Ветви каштанов… дырчатые, как дуршлаги…
Хрена! Сбился! Утоп в дуршлагах.
— Да потому что неграмотно! — вслух разозлился Кудинов, насторожив шествовавших мимо голубей; продолжил про себя угрюмо: — Отбросить на дуршлаг, НА! Процедить — через!
Телефон проснулся как раз в тот момент, когда он, стараясь отвлечься от дуршлагов, принялся лепить фразу из «безвкусного провинциального бетона, щедро политого солнцем».
— Черт вас всех побери!
Звонила Надя, конечно. При всей сбивчивости ее редакторского распорядка звонит она ему только в обед. Кофе она пьет исключительно из старой надколотой кружки. Стрижется все эти годы неизменно под каре. Любое однообразие для нее — источник комфорта. Вероятно, как и сам Кудинов.
— Женёк, ты помнишь, что я завтра номер верстаю? У нас на субботу перенеслось?
— И что?
Запнулась. Немного растерянно:
— И поэтому ты весь день с Лёшкой. Один.
Дальше, уже оправдываясь:
— Просто напомнила. Суббота ведь завтра. А то в прошлый раз тебя куда-то вызвали. Встречать кого-то. Или провожать. Лёлика на этот раз некуда сбагрить: мои ж на даче.
Участливо:
— У тебя что-нибудь случилось, Жень?
Эта ее усугубляющая участливость… Лучше уж огрызнись в ответ, поскандаль по-человечески. Обидься. Поплачь. Прекрати, наконец, вести себя, как наемная нянька с ребенком из новорусской семьи.
— Надя, ничего у меня не случилось. Тебе от этого легче?
Помолчала немного. Тишина какая-то шаткая — будто во время паузы в разговоре она успевает что-то сделать: помахать кому-то рукой, переложить что-то на столе, перейти с места на место.
— Ладно, Жень, обнимаю.
Кудинов нажал на «отбой».
Быть с нею легким он сумел совсем недолго. Спекся сразу после свадьбы. Но Надя, казалось, этого до сих пор не заметила. Как в самом начале, она говорит: Женёк, обнимаю, — и миллионы шелковых колокольчиков рассыпаются в ее голосе… Черт! Сам он переживает с Надей необъяснимое волнение, тревогу сродни агорафобии. Она так невозмутима, ее всегда так много, так много, так непреодолимо много. Нет, быть с нею легким невозможно.
— Такие вот дуршлаги, — пробубнил Кудинов.
Еще раз всмотрелся в тени у себя под ногами, примериваясь к неуступчивой метафоре.
Пятница, как водится, дожимает — напоследок командует: ап! «Ну-ка, в стоечку, в стоечку. Держим-держим-держим». Но сегодня Кудинов вне игры. Дел пятничных не осталось, понедельничные затевать глупо. В окна переходной галереи, выходящие внутрь банка, ему видны кусок холла и оперзал. По залу стелется бубнеж рекламных роликов, транслируемых на огромную «плазму», над галереей гудит вентиляция.
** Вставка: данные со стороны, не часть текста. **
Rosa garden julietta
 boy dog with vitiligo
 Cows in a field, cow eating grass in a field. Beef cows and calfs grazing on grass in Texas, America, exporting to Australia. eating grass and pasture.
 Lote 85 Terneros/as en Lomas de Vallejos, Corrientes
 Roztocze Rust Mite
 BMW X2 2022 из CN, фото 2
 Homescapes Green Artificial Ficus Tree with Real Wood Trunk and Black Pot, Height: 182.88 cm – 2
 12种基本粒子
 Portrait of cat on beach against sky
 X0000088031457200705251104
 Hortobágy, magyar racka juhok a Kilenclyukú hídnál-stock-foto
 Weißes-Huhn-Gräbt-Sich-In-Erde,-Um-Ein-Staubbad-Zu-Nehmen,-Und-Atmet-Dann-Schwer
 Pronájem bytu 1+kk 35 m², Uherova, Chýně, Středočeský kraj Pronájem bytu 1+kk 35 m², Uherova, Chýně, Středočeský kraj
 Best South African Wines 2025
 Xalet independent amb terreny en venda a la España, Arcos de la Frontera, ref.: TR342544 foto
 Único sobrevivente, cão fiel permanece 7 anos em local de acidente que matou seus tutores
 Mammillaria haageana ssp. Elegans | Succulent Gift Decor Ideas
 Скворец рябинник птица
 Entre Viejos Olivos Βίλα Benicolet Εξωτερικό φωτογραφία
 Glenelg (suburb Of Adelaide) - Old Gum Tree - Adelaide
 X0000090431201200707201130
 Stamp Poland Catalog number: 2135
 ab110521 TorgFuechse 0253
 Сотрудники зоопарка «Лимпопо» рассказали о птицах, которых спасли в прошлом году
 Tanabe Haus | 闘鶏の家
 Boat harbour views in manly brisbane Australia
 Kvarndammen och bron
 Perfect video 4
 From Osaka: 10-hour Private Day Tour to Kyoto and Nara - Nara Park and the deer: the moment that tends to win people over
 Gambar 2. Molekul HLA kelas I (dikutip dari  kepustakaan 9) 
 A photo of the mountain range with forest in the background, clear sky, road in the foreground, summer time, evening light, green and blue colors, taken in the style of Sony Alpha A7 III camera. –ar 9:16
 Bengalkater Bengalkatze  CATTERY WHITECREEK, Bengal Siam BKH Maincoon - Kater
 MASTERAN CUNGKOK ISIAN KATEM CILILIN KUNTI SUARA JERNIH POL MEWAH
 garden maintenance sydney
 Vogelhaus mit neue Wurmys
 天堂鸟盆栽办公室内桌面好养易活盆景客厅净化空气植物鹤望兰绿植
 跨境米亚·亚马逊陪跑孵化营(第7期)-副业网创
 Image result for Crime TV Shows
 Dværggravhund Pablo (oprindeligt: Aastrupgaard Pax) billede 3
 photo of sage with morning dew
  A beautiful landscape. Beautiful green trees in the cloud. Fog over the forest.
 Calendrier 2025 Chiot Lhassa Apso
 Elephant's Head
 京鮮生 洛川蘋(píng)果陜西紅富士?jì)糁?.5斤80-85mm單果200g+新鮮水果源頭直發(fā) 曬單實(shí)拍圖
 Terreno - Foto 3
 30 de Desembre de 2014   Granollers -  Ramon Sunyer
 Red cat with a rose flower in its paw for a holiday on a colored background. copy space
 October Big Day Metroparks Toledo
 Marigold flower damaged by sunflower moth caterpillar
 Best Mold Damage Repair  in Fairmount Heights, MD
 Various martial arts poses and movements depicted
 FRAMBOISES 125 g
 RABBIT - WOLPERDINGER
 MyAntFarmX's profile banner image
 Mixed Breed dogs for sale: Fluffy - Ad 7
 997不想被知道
В отделе вкладов несколько смурых дерганых клиентов. Верзила с мотоциклетным шлемом самый непоседливый. Боится не успеть до закрытия. То кинется к кассе, то — обратно в кресло. Шлем его — распухший бедный Ёрик — бултыхается, насаженный на крюк согнутой руки. То в одном, то в другом коридоре за спиной Кудинова цокотят каблуки — то начальственно вальяжные, то служиво-рысистые. Из подземелья кассы, открытой для проветривания, долетает обрывистый писк и бульки смеха — все, что осталось от голосов кассирш по пути на поверхность.